Manager accused of throwing water in child's face unfairly dismissed

File photo / Thinkstock
File photo / Thinkstock

An early childhood centre manager who was fired from her job after allegations of professional misconduct, including throwing a bucket of water in a child's face, was unfairly dismissed.

Margaret Murray was employed by Central North Island Early Education Services Trust (CNI) to manage the Matata Early Learning Centre from September 2009.

In April 2012 she was dismissed from her position on the grounds of professional misconduct, after staff at the centre had reported concerns about her.

Centre assistant manager, Lucy Rust, said Ms Murray had thrown a bucket of water in the face of a child, roughly cleaned a wound on a child's toe and yelled in the face Ms Murray's son, who attended the centre.

CNI's chief executive officer Jan Ballantyne told Ms Murray about the allegations and dismissed her in April 2012.

Rachel Larmer for the Employment Relations Authority found the trust had "let itself down" by not investigating the allegations fully.

Interviews with staff members weren't fully noted down and "appropriate basic inquiries were not made".

Ms Rust and Ms Murray had recently had a falling out, which CNI should have taken in to consideration, she said.

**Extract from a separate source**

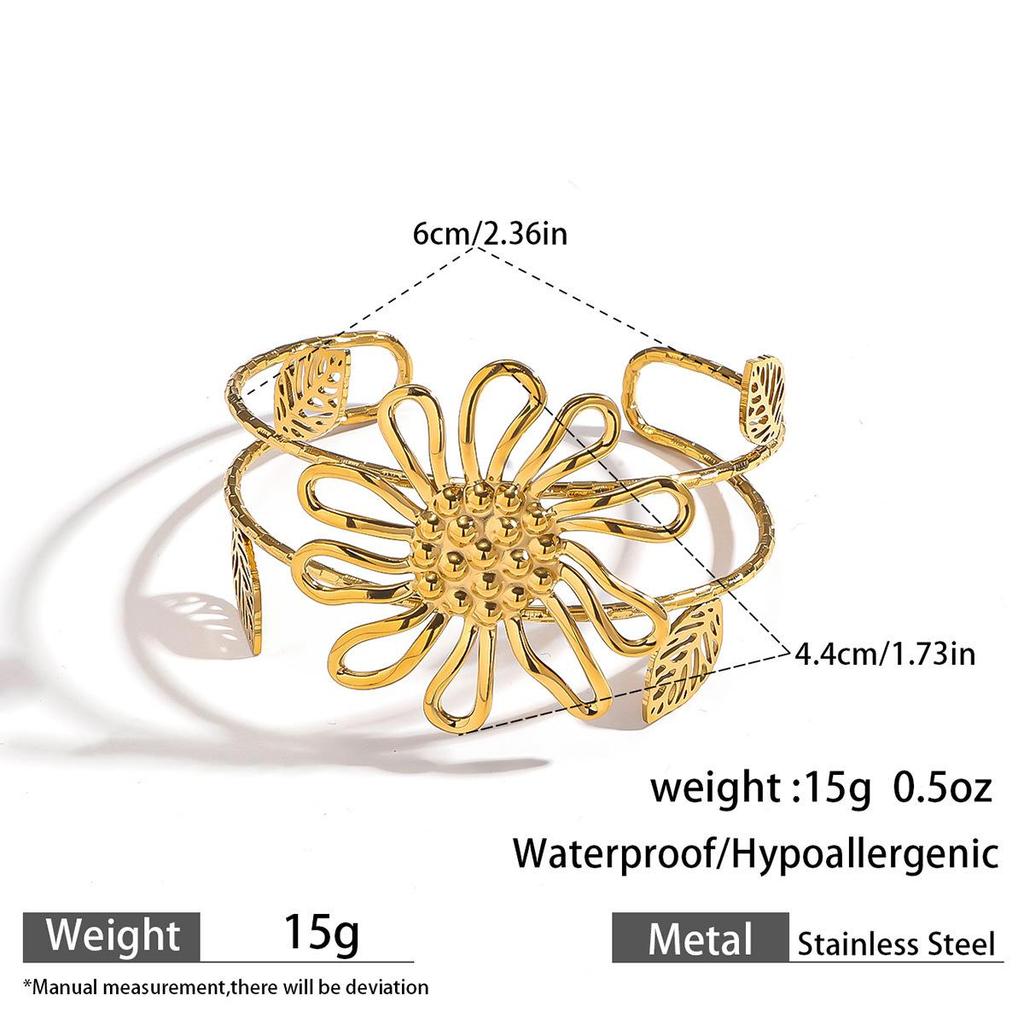 European & American Ocean Style Stainless Steel Bracelet with Starfish, Seashell, Coral Flowers, and Natural Stone Bangle Hand Jewelry.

"I have formed the view that it is more likely than not that the various complaints Ms Rust made in her emails to management appear to have been accepted at face value.

"The sort of testing I expect a fair and reasonable employer to have engaged in after receiving Ms Rust's complaints did not occur," Ms Larmer said.

The ERA found the trust could not adequately prove Ms Murray was guilty of professional misconduct.

Ms Murray told the ERA that she was abused in public about the alleged circumstances around her dismissal. She said she was so humiliated and distressed by it she moved from Matata to Australia.

CNI was ordered to pay the difference of pay between Ms Murray's role and her new job, as well as $8,000 for distress suffered.

Ms Ballantyne told APNZ she was disappointed with the outcome of the decision, and was seeking legal advice on how to proceed.

"Regardless of the outcome we will always keep children at the centre of what we do and continue to work to do that."